▸ **Goal of the exercise**
Among the entries below, which lines run from the line with "Ein Tourist, der" through the line with "Business data analytics"? Retype those, both ends included, exactly and without pictures.

▸ **Supplied records**

··········

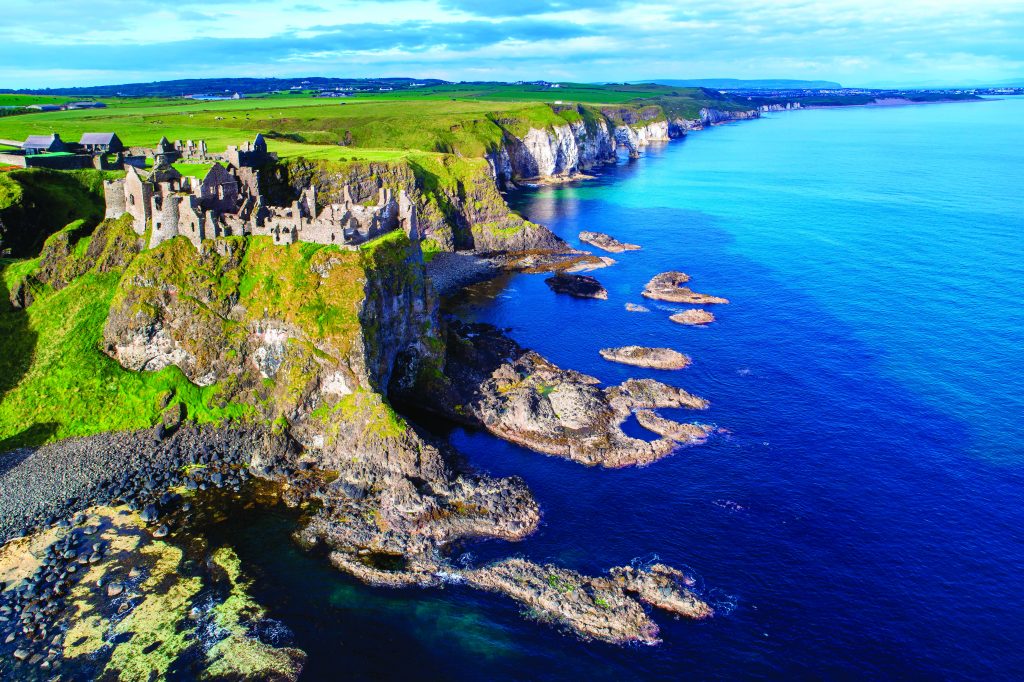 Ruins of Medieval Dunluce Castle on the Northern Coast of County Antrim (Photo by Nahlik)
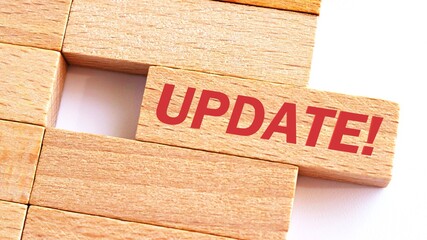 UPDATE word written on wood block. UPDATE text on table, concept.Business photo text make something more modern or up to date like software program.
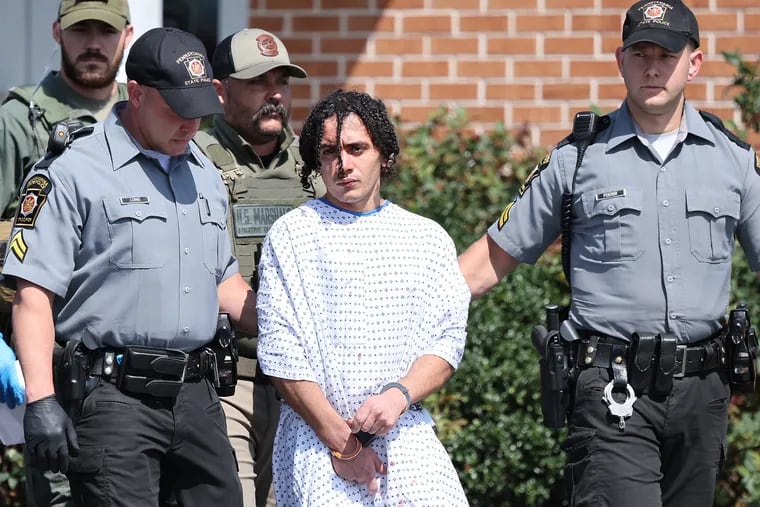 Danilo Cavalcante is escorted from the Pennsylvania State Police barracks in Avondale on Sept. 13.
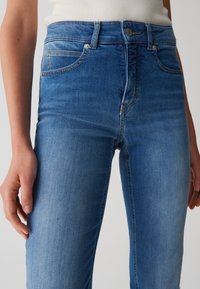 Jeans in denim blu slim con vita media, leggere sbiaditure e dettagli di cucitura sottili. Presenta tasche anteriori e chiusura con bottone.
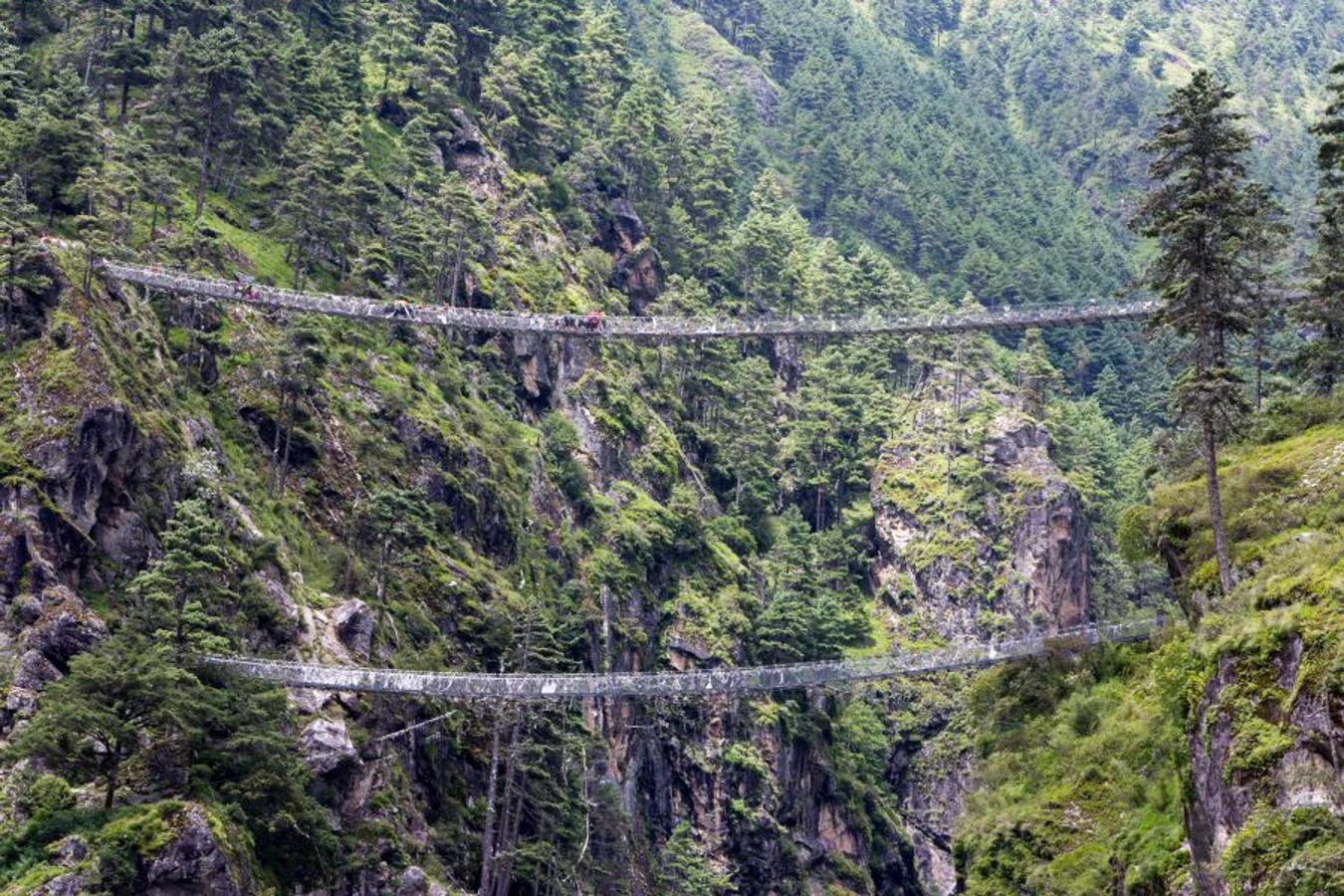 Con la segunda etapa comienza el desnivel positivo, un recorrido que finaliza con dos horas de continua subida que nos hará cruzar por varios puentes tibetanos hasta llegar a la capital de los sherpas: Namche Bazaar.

··········

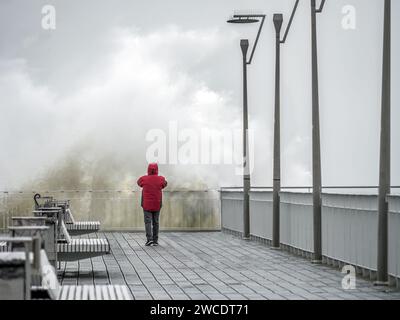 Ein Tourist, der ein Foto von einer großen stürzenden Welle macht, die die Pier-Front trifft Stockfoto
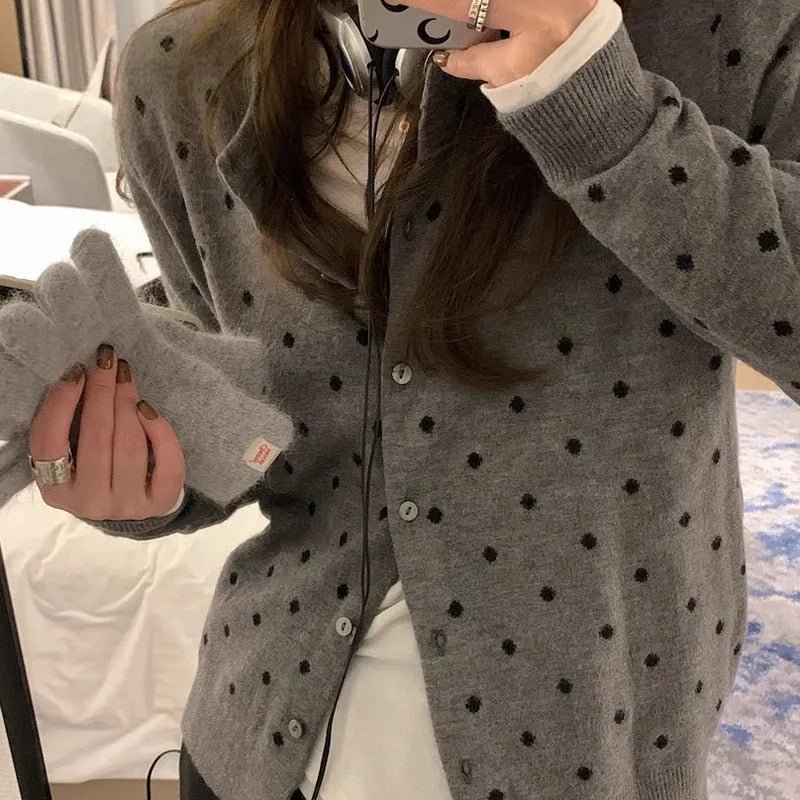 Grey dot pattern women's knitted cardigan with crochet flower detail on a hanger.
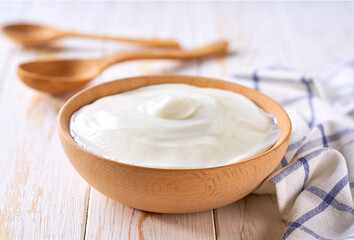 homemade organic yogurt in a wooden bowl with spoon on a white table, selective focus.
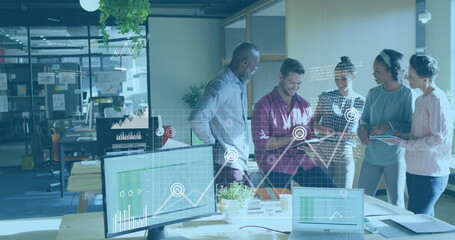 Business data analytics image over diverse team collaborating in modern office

··········

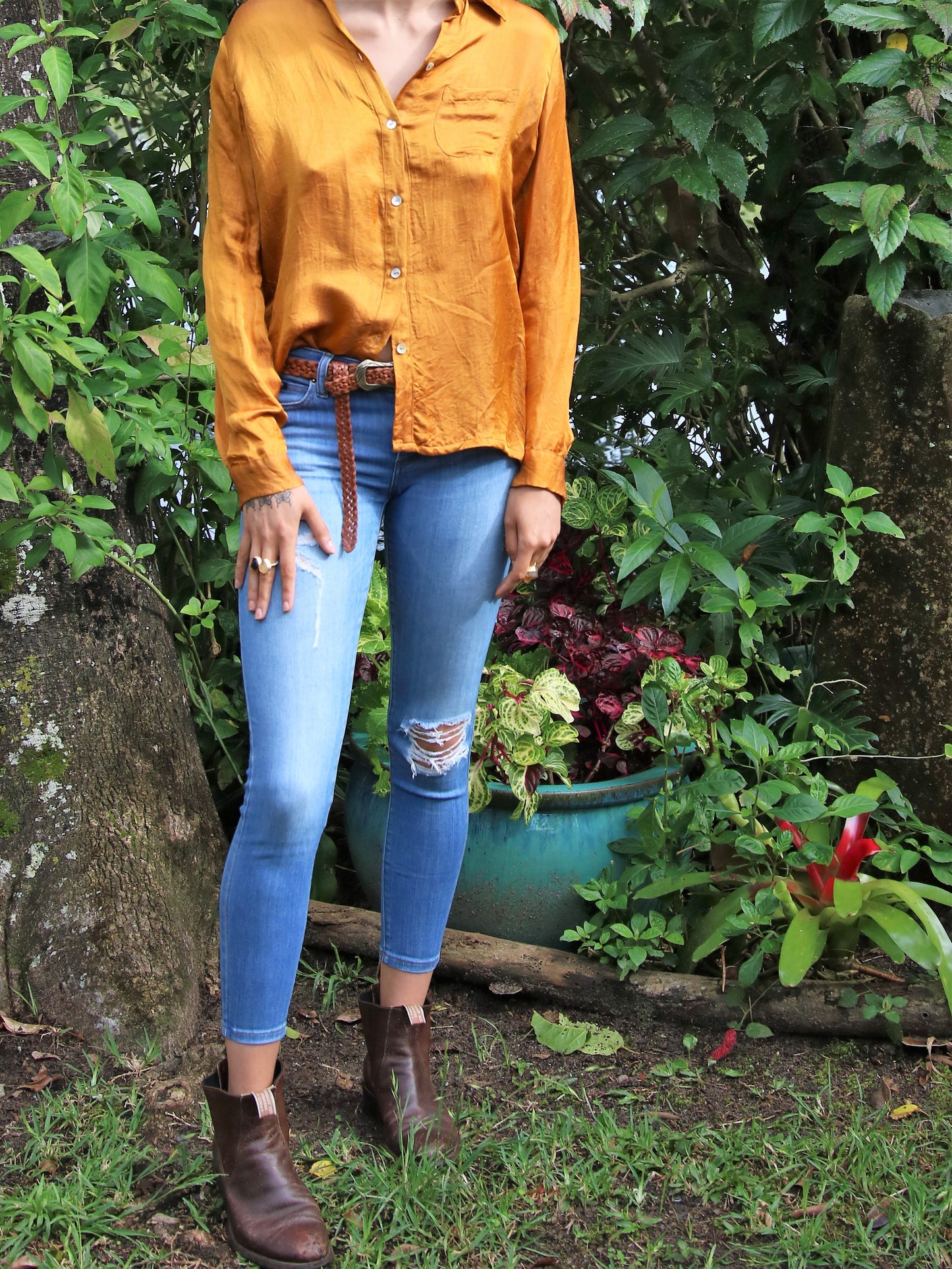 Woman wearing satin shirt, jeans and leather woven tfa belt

··········

▸ **Your response**
 Ein Tourist, der ein Foto von einer großen stürzenden Welle macht, die die Pier-Front trifft Stockfoto
 Grey dot pattern women's knitted cardigan with crochet flower detail on a hanger.
 homemade organic yogurt in a wooden bowl with spoon on a white table, selective focus.
 Business data analytics image over diverse team collaborating in modern office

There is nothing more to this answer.